For a memorable pool or a base camp for a beach day with the kids, head to 415 Pacific Coast Highway. There, by wide, sandy Santa Monica Beach, William Randolph Hearst in the late 1920s built a vast mansion for his mistress, actress Marion Davies.
These days, only the big marble-edged pool and guesthouse remain, joined by a sleek complex of changing rooms, fitness equipment, and special-event spaces that was completed in 2009. It is known as the Annenberg Community Beach House, is run by the city of Santa Monica, and is probably the best-looking municipal pool you've ever seen.

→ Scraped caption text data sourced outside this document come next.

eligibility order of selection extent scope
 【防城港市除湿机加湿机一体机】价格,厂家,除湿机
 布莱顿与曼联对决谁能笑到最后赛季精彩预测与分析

Though much of the five-acre facility operates year round, the pool opens only in summer, accepting walk-up guests and reservations (up to three days in advance); its water (four to eight feet deep) is heated to 80 to 85 degrees.
There's a cafe, a cool little playground, a summer-only fitness room (which costs extra), beach volleyball, beach tennis, a pair of beach-soccer fields, and rentable space for parties. A day of pool access (10 a.m. to 6 p.m.) costs $10 for adults and $4 for kids 1 to 17. On most Mondays, that price drops to $1 for adults and kids and the pool stays open until 8 p.m.

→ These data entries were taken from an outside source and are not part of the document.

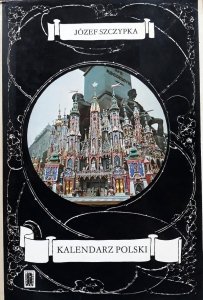 Józef Szczypka • Kalendarz polski 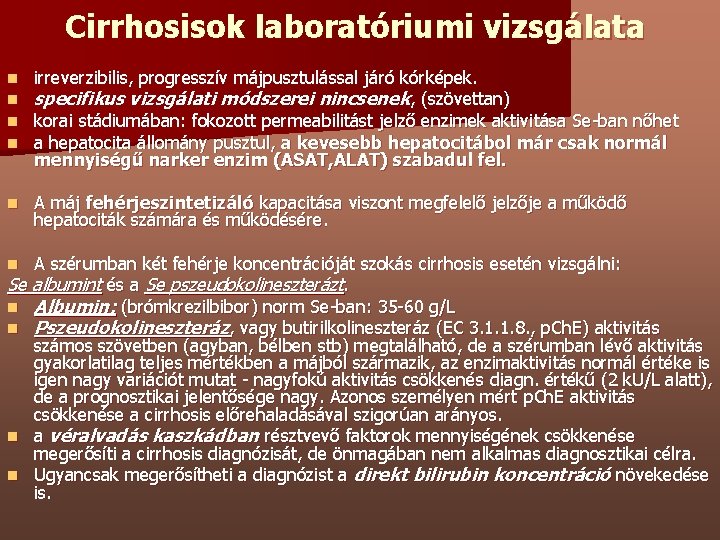 Cirrhosisok laboratóriumi vizsgálata n n irreverzibilis, progresszív májpusztulással járó kórképek. specifikus vizsgálati módszerei nincsenek,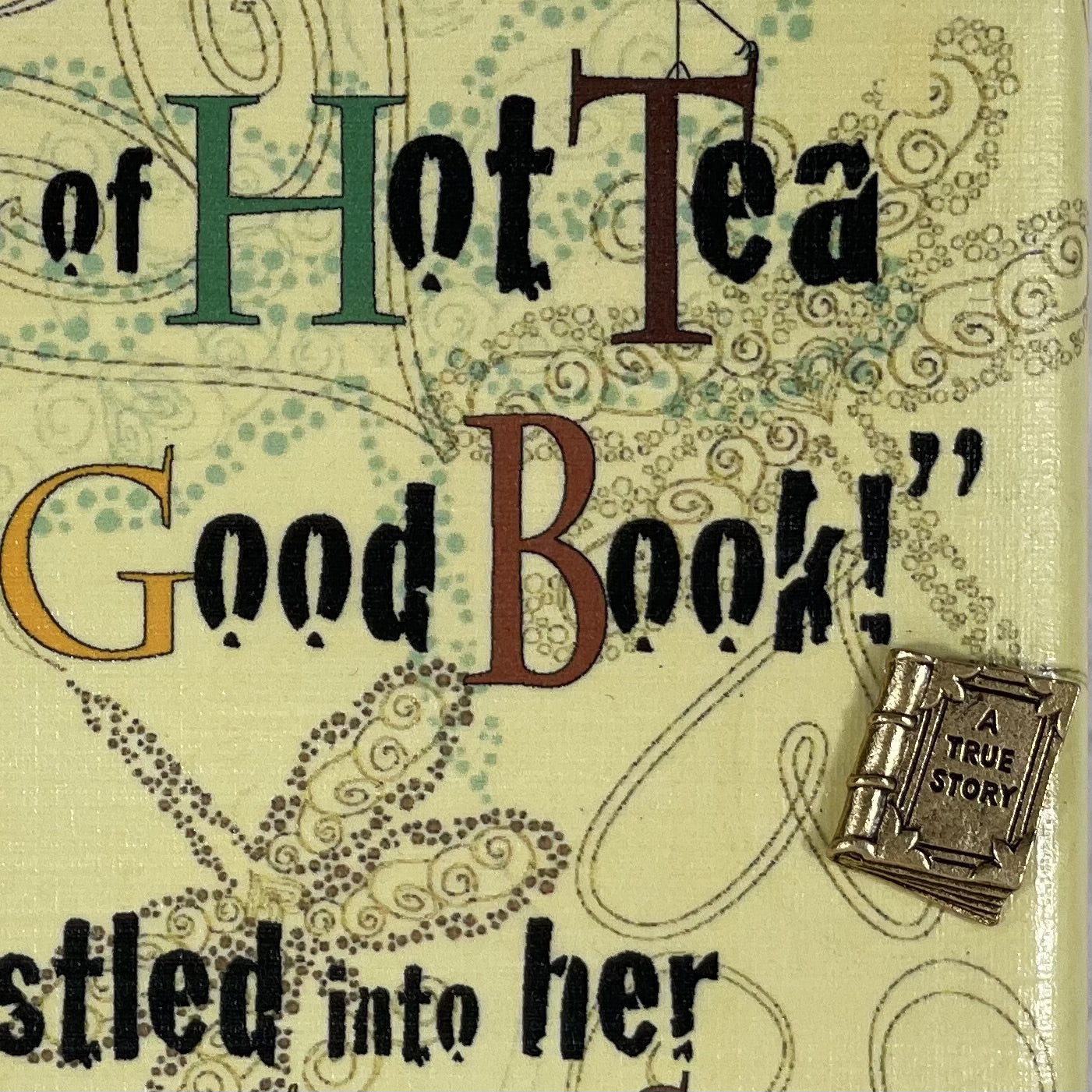 Cup Of Hot Tea And A Good Book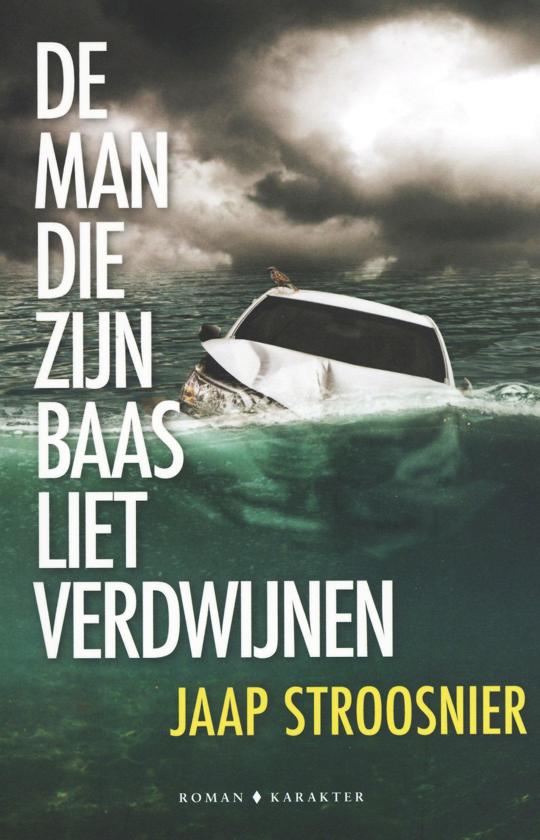De man die zijn baas liet verdwijnen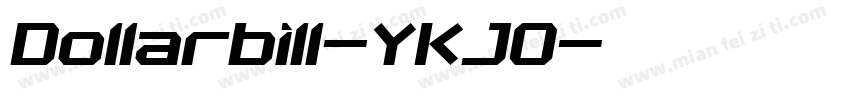Dollarbill-YKJO字体转换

Because demand can be high, you should show up around 8:30 a.m. with a towel and swimsuit. Pay the $8 to $10 to park your car all day or park your bike free at one of the racks. Then head for breakfast at the neighboring Back on the Beach Cafe (8 a.m. to 8 p.m.). When the pool admission window opens at 9:30, you buy your passes, and when the pool opens at 10, you're ready.
Pier people, parallel bars
You can't overlook the Santa Monica Pier. It starts where Colorado Avenue stops, it dates to 1909, and its Pacific Park amusement zone includes a solar-powered Ferris wheel. You'll find plenty of junk food, several restaurants, free live music on Thursday nights in summer, and abundant people-watching at all hours. This is Southern California's Coney Island.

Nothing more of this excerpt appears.